Abstract

The actions of the excitatory amino acid quisqualate (QA) on inositol polyphosphate accumulation in cerebral cortex slices have been assessed using both [3H]inositol prelabeling and mass measurements over relatively short incubation periods. QA stimulated accumulation of all the inositol polyphosphates, with similar EC50 values (2.8 +/- 0.7 microM). High performance liquid chromatography analysis of isomeric forms of inositol polyphosphates and specific mass assays revealed that both phosphorylation and dephosphorylation products of inositol-1,4,5-trisphosphate accumulate. A large component of the QA-stimulated inositol polyphosphate accumulation was inhibited by the ionotropic antagonist 6,7-dinitroquinoxaline-2,3-dione in a competitive manner. This implied that the QA response may be due to entry of Ca2+ via voltage-sensitive calcium channels as a consequence of an ionotropic receptor-induced depolarization. In support of this mechanism, the QA-induced response was dependent on the presence of extracellular calcium, whereas the well characterized muscarinic receptor agonist response to carbachol showed only a slight reduction under the same conditions.

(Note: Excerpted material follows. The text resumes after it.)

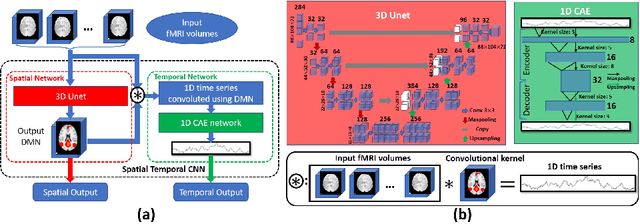 Figure 1 for Modeling 4D fMRI Data via Spatio-Temporal Convolutional Neural Networks (ST-CNN)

The concentration-dependent (EC50 8.8 +/- 3 microM) response to the selective ionotropic agonist amino-3-hydroxy-5-methyl-4-isoazolepropionic acid (AMPA) differed from that to QA or carbachol, in that accumulation of only [3H]inositol mono- and bisphosphates was stimulated, with no increase in the [3H]inositol tris- or tetrakisphosphates. Use of the metabotropic agonist (trans)-(+/-)-1-aminocyclopentyl-1,3-dicarboxylate (ACPD), however, produced concentration-dependent increases in all [3H]inositol polyphosphates. Although both AMPA and ACPD responses alone were smaller in magnitude than that to QA, when present together AMPA and ACPD produced additive responses on [3H]inositol mono- and bisphosphate and a marked synergistic increase in [3H]inositol tetrakisphosphate accumulation, resulting in a response similar to that seen for QA. These data suggest that QA-evoked responses in rat cortex slices are the result of a complex interaction mediated through both ionotropic and metabotropic receptors, in which Ca2+ entry may stimulate accumulation of inositol mono- and bisphosphate directly and divert the metabolism of inositol-1,4,5-trisphosphate to inositol-1,3,4,5-tetrakisphosphate.